DATA FOR THE TASK:
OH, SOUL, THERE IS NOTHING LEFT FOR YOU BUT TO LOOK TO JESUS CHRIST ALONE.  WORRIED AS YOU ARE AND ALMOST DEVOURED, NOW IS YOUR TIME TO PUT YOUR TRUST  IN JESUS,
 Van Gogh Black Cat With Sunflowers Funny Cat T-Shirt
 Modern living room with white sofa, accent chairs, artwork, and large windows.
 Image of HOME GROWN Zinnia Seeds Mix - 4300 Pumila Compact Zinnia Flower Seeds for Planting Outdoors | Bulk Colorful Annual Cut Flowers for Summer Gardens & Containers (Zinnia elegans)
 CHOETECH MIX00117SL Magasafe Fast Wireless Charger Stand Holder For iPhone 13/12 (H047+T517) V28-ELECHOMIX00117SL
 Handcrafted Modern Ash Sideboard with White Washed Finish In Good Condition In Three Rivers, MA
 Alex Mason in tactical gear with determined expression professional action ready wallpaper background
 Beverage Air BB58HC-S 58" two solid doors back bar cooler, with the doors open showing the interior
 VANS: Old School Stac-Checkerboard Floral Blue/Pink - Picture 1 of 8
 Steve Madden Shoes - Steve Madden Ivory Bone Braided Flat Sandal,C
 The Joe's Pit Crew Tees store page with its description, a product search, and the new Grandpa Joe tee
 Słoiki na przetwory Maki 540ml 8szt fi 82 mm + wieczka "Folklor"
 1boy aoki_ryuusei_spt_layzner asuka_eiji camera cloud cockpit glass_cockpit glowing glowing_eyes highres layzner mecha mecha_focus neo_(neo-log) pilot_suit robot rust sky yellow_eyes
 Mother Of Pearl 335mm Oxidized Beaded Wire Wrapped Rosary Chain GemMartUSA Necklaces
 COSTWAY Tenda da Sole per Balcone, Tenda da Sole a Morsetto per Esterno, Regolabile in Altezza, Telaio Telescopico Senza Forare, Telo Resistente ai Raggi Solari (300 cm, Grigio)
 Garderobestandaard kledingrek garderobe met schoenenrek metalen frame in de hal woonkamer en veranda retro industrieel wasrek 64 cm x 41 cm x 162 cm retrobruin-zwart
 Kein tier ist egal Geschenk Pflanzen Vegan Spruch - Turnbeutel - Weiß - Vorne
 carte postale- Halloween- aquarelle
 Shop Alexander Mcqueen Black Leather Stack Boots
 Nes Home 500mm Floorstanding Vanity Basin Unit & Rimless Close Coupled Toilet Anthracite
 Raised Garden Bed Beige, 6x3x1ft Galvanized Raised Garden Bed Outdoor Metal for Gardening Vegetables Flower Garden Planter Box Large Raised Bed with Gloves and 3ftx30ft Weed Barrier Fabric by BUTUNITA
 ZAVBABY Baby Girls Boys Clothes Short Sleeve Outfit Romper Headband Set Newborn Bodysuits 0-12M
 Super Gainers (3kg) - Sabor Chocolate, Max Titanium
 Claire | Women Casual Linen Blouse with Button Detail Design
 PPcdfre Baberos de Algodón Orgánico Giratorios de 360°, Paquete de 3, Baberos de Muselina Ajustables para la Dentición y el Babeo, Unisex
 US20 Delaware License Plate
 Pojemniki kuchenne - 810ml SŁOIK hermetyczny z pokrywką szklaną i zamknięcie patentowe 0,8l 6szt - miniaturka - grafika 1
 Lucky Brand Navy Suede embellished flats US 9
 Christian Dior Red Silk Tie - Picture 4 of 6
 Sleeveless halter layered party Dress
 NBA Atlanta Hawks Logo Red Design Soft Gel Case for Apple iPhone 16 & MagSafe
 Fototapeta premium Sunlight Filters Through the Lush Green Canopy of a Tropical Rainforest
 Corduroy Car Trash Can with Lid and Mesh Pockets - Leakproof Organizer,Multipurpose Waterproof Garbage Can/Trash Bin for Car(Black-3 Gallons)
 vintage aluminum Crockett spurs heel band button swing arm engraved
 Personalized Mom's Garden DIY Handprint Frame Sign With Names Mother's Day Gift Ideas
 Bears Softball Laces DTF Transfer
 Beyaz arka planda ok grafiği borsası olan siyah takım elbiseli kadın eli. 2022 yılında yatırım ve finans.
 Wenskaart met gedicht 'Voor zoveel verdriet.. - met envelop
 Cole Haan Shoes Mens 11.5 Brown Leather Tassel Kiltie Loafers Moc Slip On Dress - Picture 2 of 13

YOUR OBJECTIVE: Emit, unaltered, the lines from the top of the listing down through the line that holds "VANS: Old School"; emit nothing else.

ANSWER BELOW:
OH, SOUL, THERE IS NOTHING LEFT FOR YOU BUT TO LOOK TO JESUS CHRIST ALONE.  WORRIED AS YOU ARE AND ALMOST DEVOURED, NOW IS YOUR TIME TO PUT YOUR TRUST  IN JESUS,
 Van Gogh Black Cat With Sunflowers Funny Cat T-Shirt
 Modern living room with white sofa, accent chairs, artwork, and large windows.
 Image of HOME GROWN Zinnia Seeds Mix - 4300 Pumila Compact Zinnia Flower Seeds for Planting Outdoors | Bulk Colorful Annual Cut Flowers for Summer Gardens & Containers (Zinnia elegans)
 CHOETECH MIX00117SL Magasafe Fast Wireless Charger Stand Holder For iPhone 13/12 (H047+T517) V28-ELECHOMIX00117SL
 Handcrafted Modern Ash Sideboard with White Washed Finish In Good Condition In Three Rivers, MA
 Alex Mason in tactical gear with determined expression professional action ready wallpaper background
 Beverage Air BB58HC-S 58" two solid doors back bar cooler, with the doors open showing the interior
 VANS: Old School Stac-Checkerboard Floral Blue/Pink - Picture 1 of 8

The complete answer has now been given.